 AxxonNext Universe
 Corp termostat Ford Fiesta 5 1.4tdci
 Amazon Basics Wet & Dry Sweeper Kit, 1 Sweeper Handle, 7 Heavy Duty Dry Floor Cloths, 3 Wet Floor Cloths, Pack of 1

→ **WORK INSTRUCTIONS**
Write the whole of the data out again exactly as it stands.

→ **EXERCISE OUTPUT**
 AxxonNext Universe
 Corp termostat Ford Fiesta 5 1.4tdci
 Amazon Basics Wet & Dry Sweeper Kit, 1 Sweeper Handle, 7 Heavy Duty Dry Floor Cloths, 3 Wet Floor Cloths, Pack of 1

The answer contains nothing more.